Required work: For the entries below, the result should be an exact transcription of the lines from the one with "Vintage Jewelry Lot" up to and including the one with "Vászonkép Purple Orange Sunlight mockup 9", and only those.
Data to examine section start
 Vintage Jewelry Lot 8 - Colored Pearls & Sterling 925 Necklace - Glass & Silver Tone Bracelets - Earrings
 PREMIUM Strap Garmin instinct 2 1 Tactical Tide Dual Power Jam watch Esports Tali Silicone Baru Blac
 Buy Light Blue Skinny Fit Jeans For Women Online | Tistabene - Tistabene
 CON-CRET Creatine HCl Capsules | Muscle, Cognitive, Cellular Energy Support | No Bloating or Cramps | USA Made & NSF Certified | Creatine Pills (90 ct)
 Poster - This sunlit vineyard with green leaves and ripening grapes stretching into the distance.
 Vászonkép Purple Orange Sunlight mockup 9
Data to examine section end
Data to examine section start
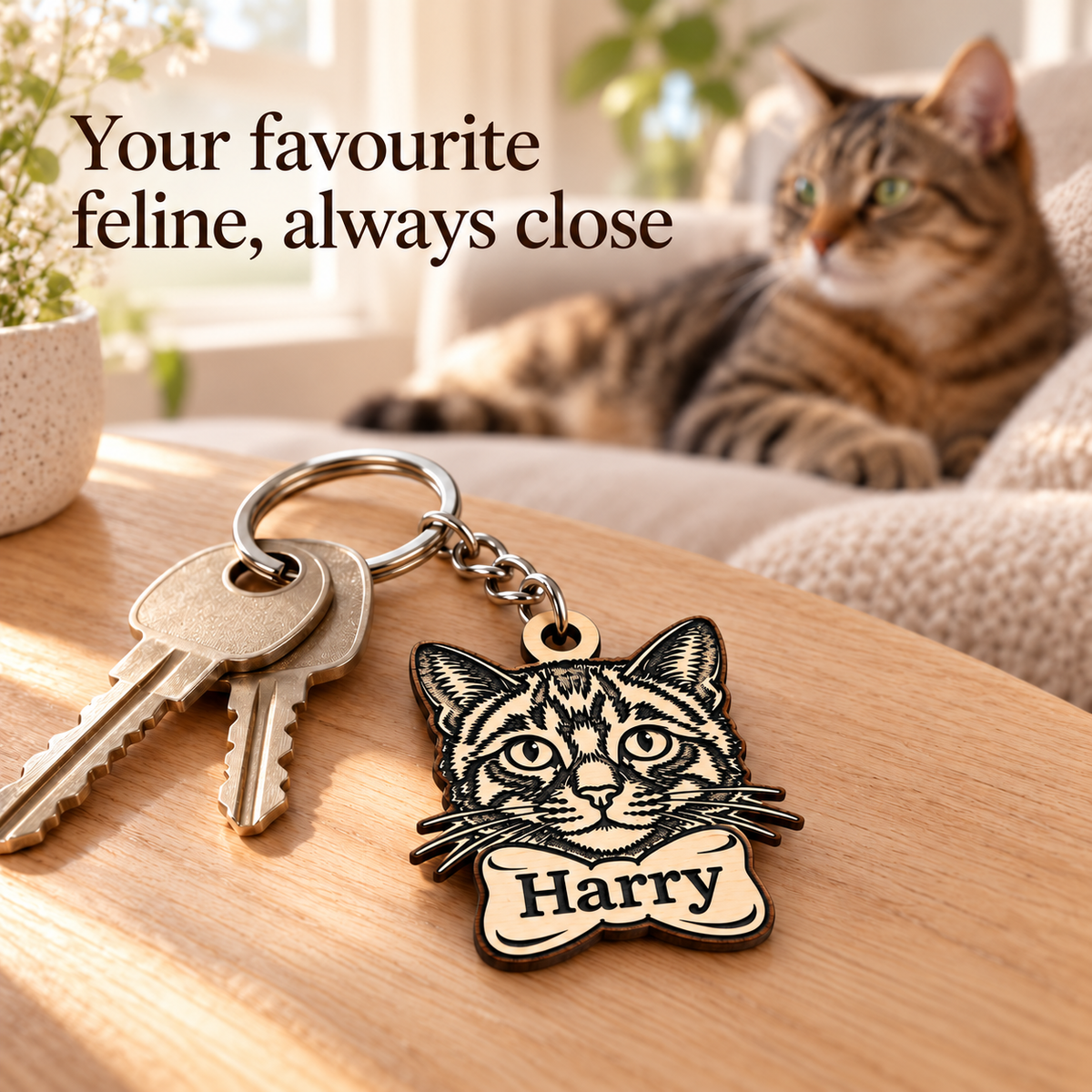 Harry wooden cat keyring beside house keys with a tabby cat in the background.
Data to examine section end
Task response:
 Vintage Jewelry Lot 8 - Colored Pearls & Sterling 925 Necklace - Glass & Silver Tone Bracelets - Earrings
 PREMIUM Strap Garmin instinct 2 1 Tactical Tide Dual Power Jam watch Esports Tali Silicone Baru Blac
 Buy Light Blue Skinny Fit Jeans For Women Online | Tistabene - Tistabene
 CON-CRET Creatine HCl Capsules | Muscle, Cognitive, Cellular Energy Support | No Bloating or Cramps | USA Made & NSF Certified | Creatine Pills (90 ct)
 Poster - This sunlit vineyard with green leaves and ripening grapes stretching into the distance.
 Vászonkép Purple Orange Sunlight mockup 9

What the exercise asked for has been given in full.